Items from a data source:
______

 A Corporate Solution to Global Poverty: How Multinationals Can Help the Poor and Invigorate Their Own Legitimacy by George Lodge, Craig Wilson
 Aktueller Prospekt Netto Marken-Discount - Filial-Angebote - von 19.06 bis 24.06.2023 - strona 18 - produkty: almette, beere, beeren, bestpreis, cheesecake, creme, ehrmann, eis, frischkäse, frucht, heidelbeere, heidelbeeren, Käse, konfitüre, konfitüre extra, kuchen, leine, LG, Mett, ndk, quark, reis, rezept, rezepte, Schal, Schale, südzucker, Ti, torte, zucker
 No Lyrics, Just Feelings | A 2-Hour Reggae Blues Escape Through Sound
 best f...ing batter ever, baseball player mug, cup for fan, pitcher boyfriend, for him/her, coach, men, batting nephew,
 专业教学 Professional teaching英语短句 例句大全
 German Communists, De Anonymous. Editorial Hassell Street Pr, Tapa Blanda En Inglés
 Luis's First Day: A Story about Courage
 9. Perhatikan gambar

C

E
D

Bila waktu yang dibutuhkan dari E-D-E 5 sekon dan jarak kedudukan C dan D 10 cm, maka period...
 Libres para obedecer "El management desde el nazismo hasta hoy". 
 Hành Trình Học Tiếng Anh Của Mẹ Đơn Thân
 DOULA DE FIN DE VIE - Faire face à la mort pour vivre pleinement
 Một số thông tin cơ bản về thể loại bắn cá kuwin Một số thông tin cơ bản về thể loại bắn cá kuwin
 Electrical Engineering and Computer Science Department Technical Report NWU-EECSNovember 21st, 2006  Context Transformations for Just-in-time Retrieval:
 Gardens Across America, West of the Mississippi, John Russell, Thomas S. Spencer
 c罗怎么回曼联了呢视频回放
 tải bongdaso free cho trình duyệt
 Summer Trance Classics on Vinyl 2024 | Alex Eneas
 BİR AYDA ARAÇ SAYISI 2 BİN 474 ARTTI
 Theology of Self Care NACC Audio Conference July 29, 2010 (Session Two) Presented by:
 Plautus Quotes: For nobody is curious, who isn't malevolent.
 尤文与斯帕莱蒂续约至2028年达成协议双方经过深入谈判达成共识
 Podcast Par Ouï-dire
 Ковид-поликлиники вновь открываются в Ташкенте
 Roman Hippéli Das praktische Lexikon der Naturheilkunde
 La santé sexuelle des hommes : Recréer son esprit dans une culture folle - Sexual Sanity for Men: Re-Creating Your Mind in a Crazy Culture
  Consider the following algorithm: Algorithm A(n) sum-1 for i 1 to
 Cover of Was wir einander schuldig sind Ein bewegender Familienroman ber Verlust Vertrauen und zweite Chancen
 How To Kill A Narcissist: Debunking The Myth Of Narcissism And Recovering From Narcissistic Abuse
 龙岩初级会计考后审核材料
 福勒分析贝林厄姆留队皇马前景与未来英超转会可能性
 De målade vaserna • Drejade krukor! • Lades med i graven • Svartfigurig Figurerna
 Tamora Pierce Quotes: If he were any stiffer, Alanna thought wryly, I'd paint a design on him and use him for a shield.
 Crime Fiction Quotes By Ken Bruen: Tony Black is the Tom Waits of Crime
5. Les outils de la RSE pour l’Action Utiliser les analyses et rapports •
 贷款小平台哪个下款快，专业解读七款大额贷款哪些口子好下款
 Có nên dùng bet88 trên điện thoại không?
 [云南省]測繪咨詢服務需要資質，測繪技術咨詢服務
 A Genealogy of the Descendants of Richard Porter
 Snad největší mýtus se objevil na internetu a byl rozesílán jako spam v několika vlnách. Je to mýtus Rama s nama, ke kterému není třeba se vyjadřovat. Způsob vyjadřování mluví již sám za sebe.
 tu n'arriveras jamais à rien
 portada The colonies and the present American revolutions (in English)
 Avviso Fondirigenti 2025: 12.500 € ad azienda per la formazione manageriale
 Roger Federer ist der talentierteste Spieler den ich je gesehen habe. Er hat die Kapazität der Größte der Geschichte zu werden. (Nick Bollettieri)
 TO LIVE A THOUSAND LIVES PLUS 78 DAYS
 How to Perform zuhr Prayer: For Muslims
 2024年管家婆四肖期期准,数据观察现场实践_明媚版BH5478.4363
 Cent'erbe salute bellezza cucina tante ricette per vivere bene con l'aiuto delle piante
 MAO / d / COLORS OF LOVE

______

• [What to produce] Please return all of the entries exactly as they were given.

• [Answer to this problem]
 A Corporate Solution to Global Poverty: How Multinationals Can Help the Poor and Invigorate Their Own Legitimacy by George Lodge, Craig Wilson
 Aktueller Prospekt Netto Marken-Discount - Filial-Angebote - von 19.06 bis 24.06.2023 - strona 18 - produkty: almette, beere, beeren, bestpreis, cheesecake, creme, ehrmann, eis, frischkäse, frucht, heidelbeere, heidelbeeren, Käse, konfitüre, konfitüre extra, kuchen, leine, LG, Mett, ndk, quark, reis, rezept, rezepte, Schal, Schale, südzucker, Ti, torte, zucker
 No Lyrics, Just Feelings | A 2-Hour Reggae Blues Escape Through Sound
 best f...ing batter ever, baseball player mug, cup for fan, pitcher boyfriend, for him/her, coach, men, batting nephew,
 专业教学 Professional teaching英语短句 例句大全
 German Communists, De Anonymous. Editorial Hassell Street Pr, Tapa Blanda En Inglés
 Luis's First Day: A Story about Courage
 9. Perhatikan gambar

C

E
D

Bila waktu yang dibutuhkan dari E-D-E 5 sekon dan jarak kedudukan C dan D 10 cm, maka period...
 Libres para obedecer "El management desde el nazismo hasta hoy". 
 Hành Trình Học Tiếng Anh Của Mẹ Đơn Thân
 DOULA DE FIN DE VIE - Faire face à la mort pour vivre pleinement
 Một số thông tin cơ bản về thể loại bắn cá kuwin Một số thông tin cơ bản về thể loại bắn cá kuwin
 Electrical Engineering and Computer Science Department Technical Report NWU-EECSNovember 21st, 2006  Context Transformations for Just-in-time Retrieval:
 Gardens Across America, West of the Mississippi, John Russell, Thomas S. Spencer
 c罗怎么回曼联了呢视频回放
 tải bongdaso free cho trình duyệt
 Summer Trance Classics on Vinyl 2024 | Alex Eneas
 BİR AYDA ARAÇ SAYISI 2 BİN 474 ARTTI
 Theology of Self Care NACC Audio Conference July 29, 2010 (Session Two) Presented by:
 Plautus Quotes: For nobody is curious, who isn't malevolent.
 尤文与斯帕莱蒂续约至2028年达成协议双方经过深入谈判达成共识
 Podcast Par Ouï-dire
 Ковид-поликлиники вновь открываются в Ташкенте
 Roman Hippéli Das praktische Lexikon der Naturheilkunde
 La santé sexuelle des hommes : Recréer son esprit dans une culture folle - Sexual Sanity for Men: Re-Creating Your Mind in a Crazy Culture
  Consider the following algorithm: Algorithm A(n) sum-1 for i 1 to
 Cover of Was wir einander schuldig sind Ein bewegender Familienroman ber Verlust Vertrauen und zweite Chancen
 How To Kill A Narcissist: Debunking The Myth Of Narcissism And Recovering From Narcissistic Abuse
 龙岩初级会计考后审核材料
 福勒分析贝林厄姆留队皇马前景与未来英超转会可能性
 De målade vaserna • Drejade krukor! • Lades med i graven • Svartfigurig Figurerna
 Tamora Pierce Quotes: If he were any stiffer, Alanna thought wryly, I'd paint a design on him and use him for a shield.
 Crime Fiction Quotes By Ken Bruen: Tony Black is the Tom Waits of Crime
5. Les outils de la RSE pour l’Action Utiliser les analyses et rapports •
 贷款小平台哪个下款快，专业解读七款大额贷款哪些口子好下款
 Có nên dùng bet88 trên điện thoại không?
 [云南省]測繪咨詢服務需要資質，測繪技術咨詢服務
 A Genealogy of the Descendants of Richard Porter
 Snad největší mýtus se objevil na internetu a byl rozesílán jako spam v několika vlnách. Je to mýtus Rama s nama, ke kterému není třeba se vyjadřovat. Způsob vyjadřování mluví již sám za sebe.
 tu n'arriveras jamais à rien
 portada The colonies and the present American revolutions (in English)
 Avviso Fondirigenti 2025: 12.500 € ad azienda per la formazione manageriale
 Roger Federer ist der talentierteste Spieler den ich je gesehen habe. Er hat die Kapazität der Größte der Geschichte zu werden. (Nick Bollettieri)
 TO LIVE A THOUSAND LIVES PLUS 78 DAYS
 How to Perform zuhr Prayer: For Muslims
 2024年管家婆四肖期期准,数据观察现场实践_明媚版BH5478.4363
 Cent'erbe salute bellezza cucina tante ricette per vivere bene con l'aiuto delle piante
 MAO / d / COLORS OF LOVE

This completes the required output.